Mari Chordà… y muchas otras cosas

MACBA, Museu d’Art Contemporani de Barcelona

Image: Mari Chordà, Liquids, 1966, 28 x 40 cm. Wax on board. MACBA Collection. MACBA Foundation. Work acquired through the support of Banc Sabadell Foundation © Mari Chordà, VEGAP, Barcelona. Photo: FotoGasull

 

From July 5th, 2024, to January 12th, 2025

Mari Chordà (Amposta, 1942) uses image, language, or social action as material for her work and as an inseparable part of her life. The artist, writer, poet, or activist form an indivisible bond that sustains an attitude and convictions which determine the backbone of her work and biography. She operates in a continuous present, where everything she does is a simultaneous, inherent experience. An active and attentive observer of the reality around her, she needs to take part in it, to shake and subvert what she sees, from principles determined by feminism: emerging as a response to the suffocating context of Francoism, yet enduring over time in a society that still must change many of its values and restore visibility and recognition of women's work.

She founded Lo Llar in Amposta, a space that for two years was a cultural activation center promoting concerts, exhibitions, and other activities. Upon her move to Barcelona, she co-founded laSal with a group of women, a bar-library conceived as a space for discussion, support, and advice, which evolved into laSal, edicions de les dones, a publishing house specializing in women's literature and essays. laSal was a place to have fun: "We dedicated ourselves to generating words, generating music, and above all, pleasure [...]. Pleasure is very subversive." And everything Mari does is permeated by the need for enjoyment, for play, which does not delegitimize the need to fight against women's situation but consolidates it. The claim for pleasure is very present as a necessity and as a tool to see the world and, above all, to exist, to break with the established that relegated women to passivity or denial. Play is also reflected in her sculptures based on interaction and mobility, stemming from the first one she made as a toy for her daughter.

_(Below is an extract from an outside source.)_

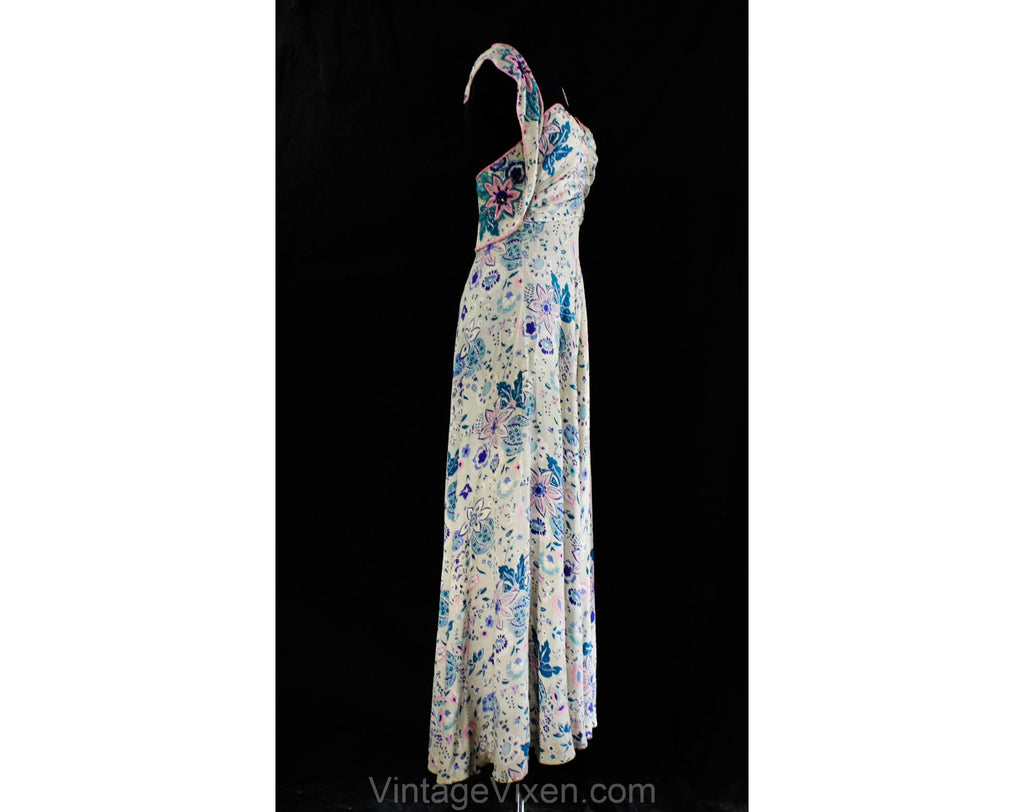 Size 6 1930s Evening Dress - Gorgeous 30s 40s Gray, Teal & Pink Floral Vintage Vixen Clothing Size 6 1930s Evening Dress - Gorgeous 30s 40s Gray, Teal & Pink Floral Vintage Vixen Clothing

A pioneer of her generation in expressing female sexuality freely, in speaking of pleasure, motherhood, and lesbian relationships in her painting and poetry. In 1964, while still studying at an anachronistic Faculty of Fine Arts in Barcelona, she painted her first Vagina: "I imagined the female body from the inside, with some reminder of its forms, but it was a figurative nothing realistic." She paints the body's fluids, secretions, sexual organs, or couplings not from abjection but with attractive forms and colors very close to the visual sensibility of pop or psychedelia, claiming a complete eroticism.

Her work is a constant NO to impositions, from full enjoyment. She advocates for culture and territory, the connection to her roots, which she claims as a way to move forward and progress. She advocates for promoting research as a tool to give visibility to women. She does not want to build a memory but desires to be a tool for changing the constructed memory and the gaze of present and future. Mari Chordà cannot help but denounce what she disagrees with, as she has done publicly on several occasions. Painting, writing, acting, or taking a position are ways of restoring that continuous present proclaimed by Gertrude Stein and sustaining Mari Chordà's political commitment.